**DATA SECTION**:
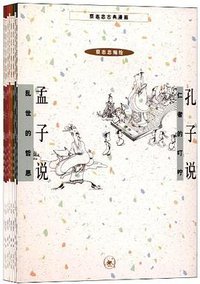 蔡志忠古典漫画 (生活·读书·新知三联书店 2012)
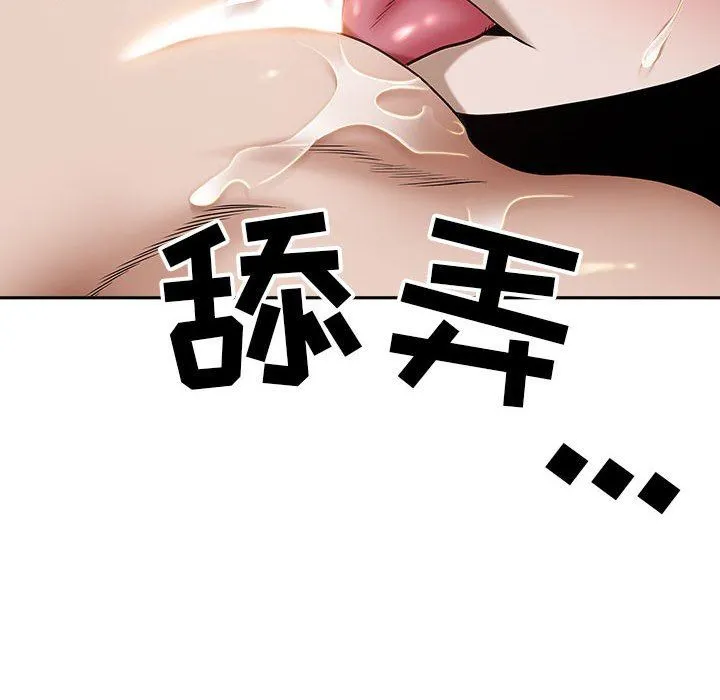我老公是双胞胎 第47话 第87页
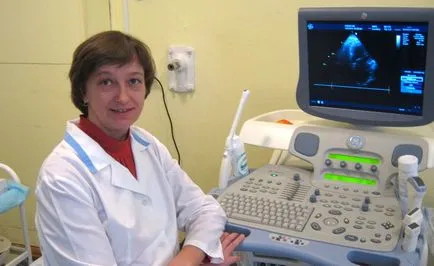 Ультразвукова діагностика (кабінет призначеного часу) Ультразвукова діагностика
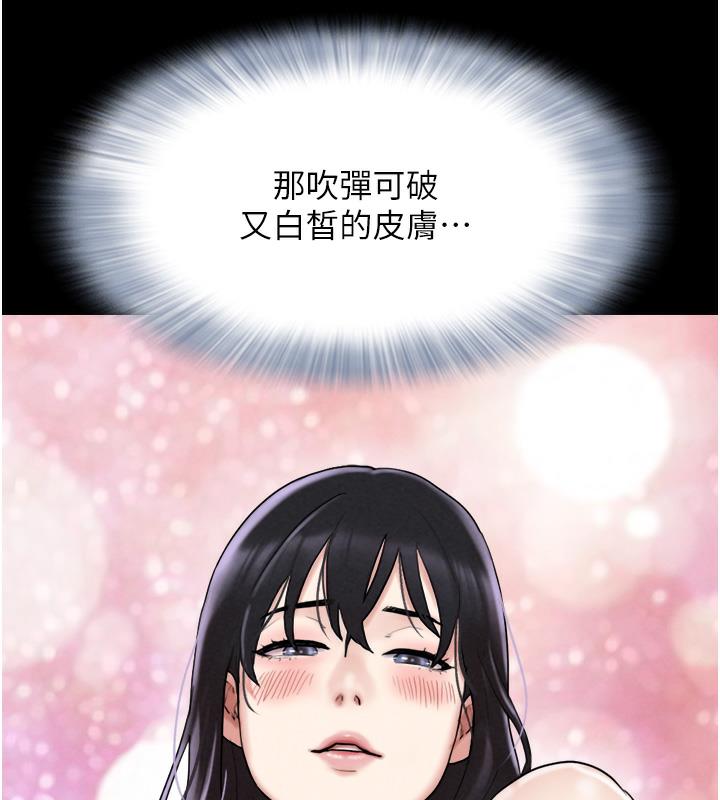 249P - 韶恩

**WHAT TO DO**:
Leave every picture out and print exactly the lines from the one that contains "Ультразвукова діагностика (кабінет" through the last line of the material above.

**EXERCISE RESULT**:
 Ультразвукова діагностика (кабінет призначеного часу) Ультразвукова діагностика
 249P - 韶恩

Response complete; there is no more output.